Chantal Jouanno, le 27 septembre 2011 à Paris. — REVELLI-BEAUMONT/SIPA

La sénatrice UMP de Paris Chantal Jouanno a pris la tête mardi en début de soirée d’une mission d’information parlementaire portant sur «les dispositifs médicaux implantables et les interventions à visée esthétique» –en clair, sur les suites à donner au scandale des prothèses PIP.

La création de cette mission a lieu trois mois jour pour jour après le premier signalement, à Marseille, du décès d’une femme des suites d’un cancer provoqué par la rupture d’une prothèse mammaire de la marque PIP (Poly Implants Prothèses). Un mois et demi après, l’ancien patron de cette société installée dans le Var et fermée en 2010, Jean-Claude Mas, reconnaissait avoir produit et utilisé un gel non homologué pour la fabrication de ses prothèses et avoir dissimulé ses pratiques à l’organisme allemand, TÜV, chargé de contrôler la qualité des prothèses.

Identifier les «points creux» de la réglementation

La mission, qui devrait se composer de 27 sénateurs, «a pour priorité absolue la prévention d’un nouveau scandale de santé publique», a affirmé Chantal Jouanno à 20 Minutes, faisant référence aux affaires du Médiator et des prothèses PIP. Et pour ce faire, les sénateurs tenteront d’identifier les «points creux» de la réglementation.

A la clé: des recommandations au niveau européen mais aussi, sur le plan national, une intention de légiférer car, comme le souligne la présidente de la mission: «Il faut prendre conscience que l’on est vraiment face à un problème de santé publique.»

Jusqu’à cet été et la conclusion de la mission, ses membres comptent auditionner largement, des professionnels de la santé aux associations de patients en passant par les organismes de sécurité sanitaire (Afssaps, Haute autorité de santé, etc.).
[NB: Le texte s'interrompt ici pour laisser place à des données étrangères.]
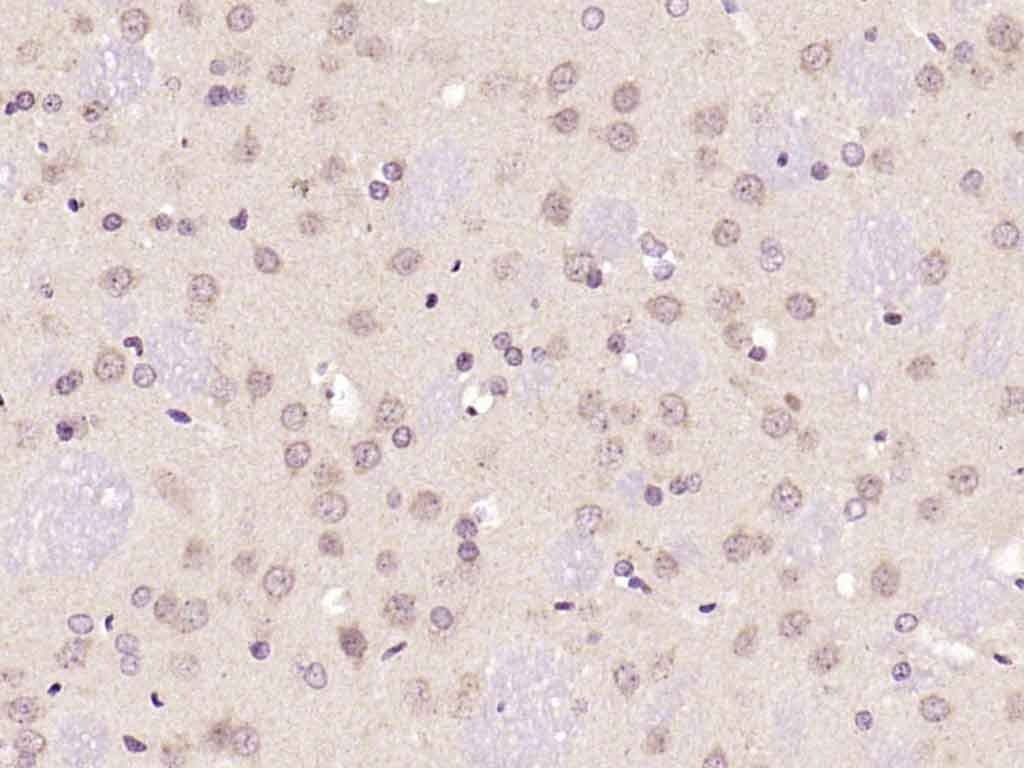 Anti-Phospho-JNK1/2/3 (Thr 183, Tyr185) Polyclonal Antibody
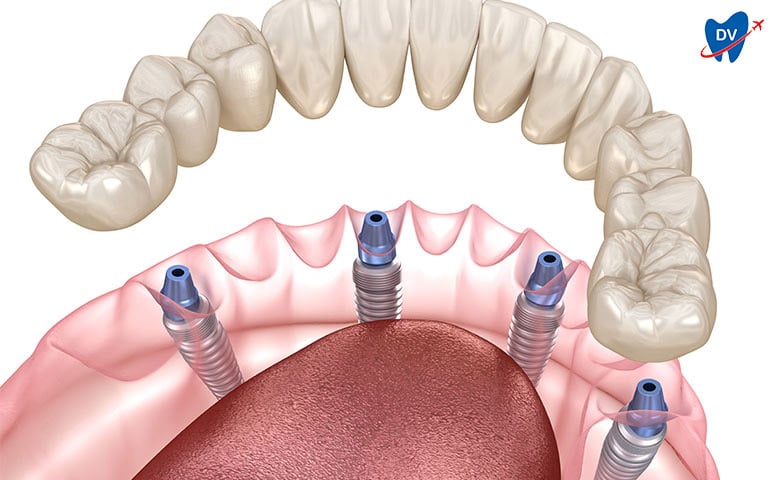 All-on-4 Dental Implants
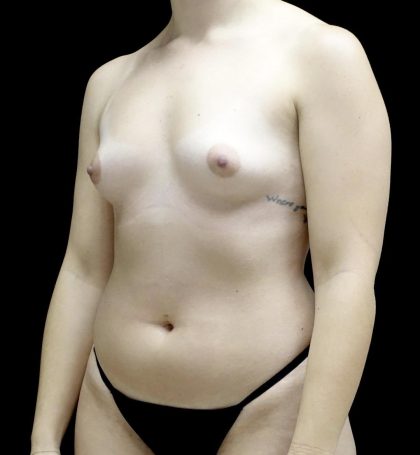 Breast Augmentation (Fat Transfer) Before & After Patient #24138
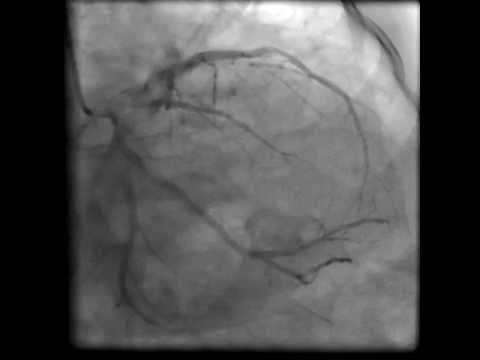 Coronary artery Perforation - Angiogram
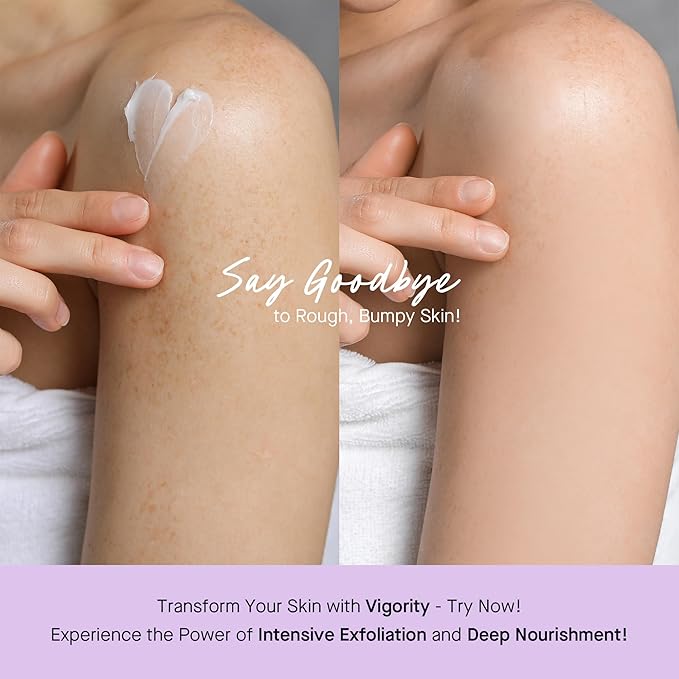 Vigority Keratosis Pilaris Treatment Cream with Lactic Acid – KP Body Bump Exfoliating Moisturizer for Rough, Bumpy, Dry & Flakey Skin, Strawberry Legs – 5.1 Oz-FemmiqueWomen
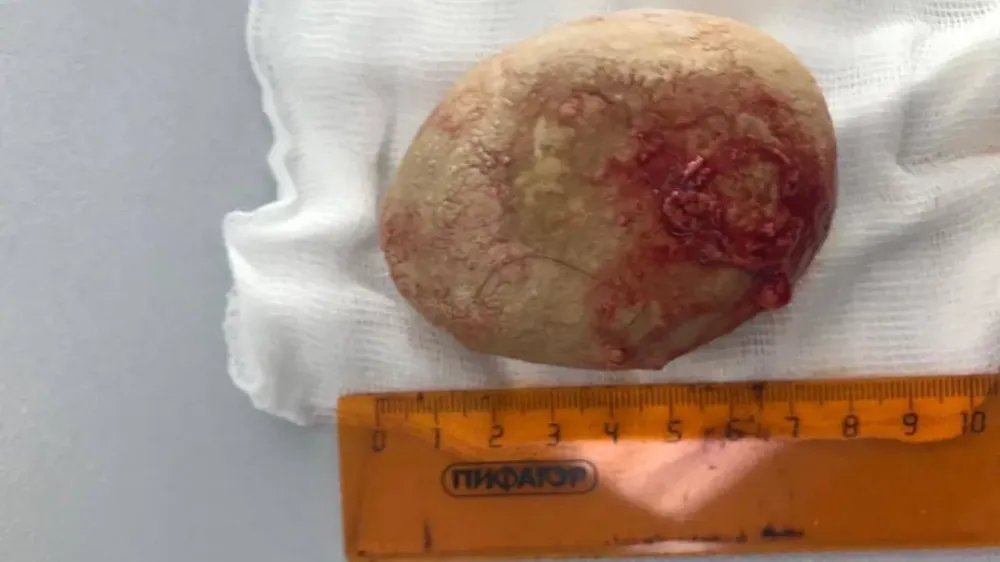 Медики из Щелково спасли пациента с гигантским камнем в мочевом пузыре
Et même des psychologues et des anthropologues, selon Chantal Jouanno. Car au-delà de la dimension de prévention d’un prochain scandale sanitaire, c’est à la dimension sociétale que compte s’intéresser la mission. En faisant en sorte, par exemple, que les personnes sujettes aux interventions médicales à visée esthétique soient considérées non plus comme des clients, mais comme des patients.